When really, there is a lot more to Reinhardt: he offers theatre as a haven to the self-alienated modern human being. Not as an illusion machine or anaesthetic injection. And indeed, Reinhardt's desire to maintain audience awareness of the technical means at play was something that the dramatologist Erika Fischer-Lichte also brought up in her lecture to the Deutsches Theater, linking Reinhardt's ideas about theatre with Brechtian epic theatre. The Utopia which Reinhardt's theatre aimed for was centred around play and the creation of non-alienated space. It was perhaps not until Frank Castorf that theatre was so radical again: offering a haven for the transcendentally homeless of the age.

And the people took up Reinhardt's offer. They poured into his theatres and made him rich. Many of his contemporaries found this objectionable, and used it to cast doubt on his respectability.
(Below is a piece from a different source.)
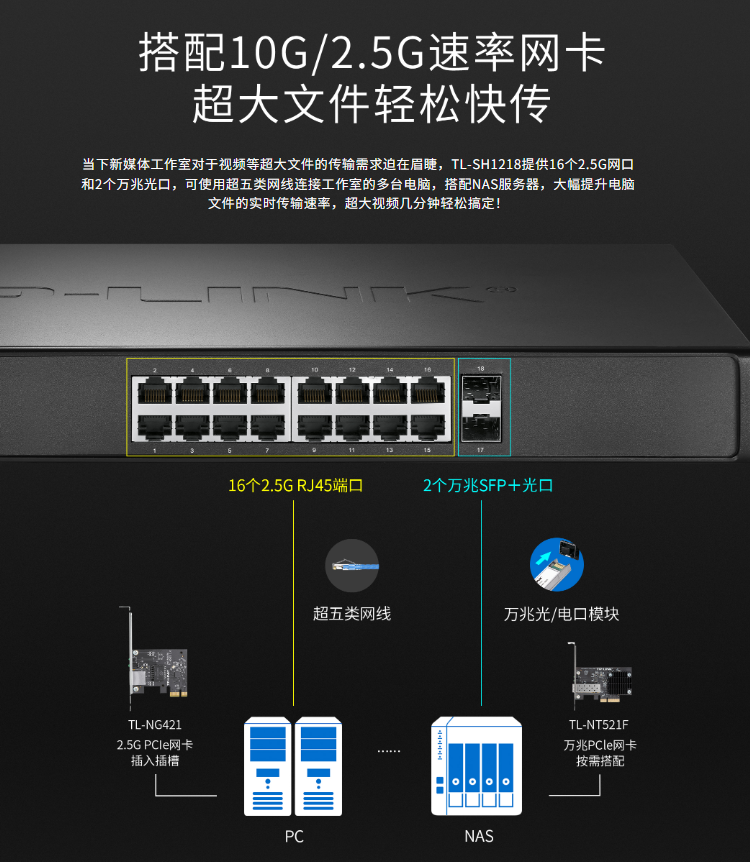 TP-LINK TL-SH1218萬(wàn)兆上聯(lián)以太網(wǎng)交換機(jī)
But Reinhardt lived in the same way he made theatre: always to the full, but always off his own back, as an autonomous subject, so to speak.



Max Reinhardt with Marlene Dietrich and Norma Shearer in 1934.
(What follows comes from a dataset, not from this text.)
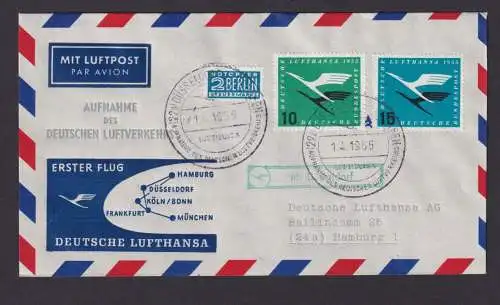 Flugpost Brief Air Mail Lufthansa schöner Beleg Bund MIF 206-207 Düsseldorf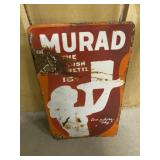 Vintage MURAD Cigarettes Porcelain Flange Sign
Yet his commercial success continues to be used as an argument against him, as if it were a crime to make money with theatre and capture the imagination of the masses. The pop industry, if nothing else, is proof that the avant-garde and the masses can be compatible phenomena.
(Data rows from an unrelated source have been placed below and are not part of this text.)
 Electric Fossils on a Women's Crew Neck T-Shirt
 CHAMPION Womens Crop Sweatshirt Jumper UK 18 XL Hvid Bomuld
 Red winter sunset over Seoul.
The anti-Reinhardt sentiment reflected from the start the discreet and totalitarian charm of the German religion of art, but also the fact that German theatre tradition was a courtly one and theatre as an art form was never intended for the people. The civic role of the theatre had been impressed upon it by the cultured bourgeoisie, which above all demanded that theatre mediate values and educational content. Reinhardt pretty much did away with all that, democratising theatre as an art form. He created the idea of the director as self-determining force, as a craftsman of his own happiness so to speak, which the bourgeoisie had been dreaming of since the Enlightenment. Yet this was a happiness that never had any pretensions outside the theatre.

Reinhardt has never really been forgiven for pointing out that all democratic theatrical arts are dependent on the audience, in other words the market. The majority of German theatre makers continue to feel part of an elite with a diffuse task: that of enlightenment, or of truth itself. Max Reinhardt took another path and because of this he is still a provocation to subsidised culture.

*

The article orginally appeared in German in die tageszeitung on 28 December, 2005.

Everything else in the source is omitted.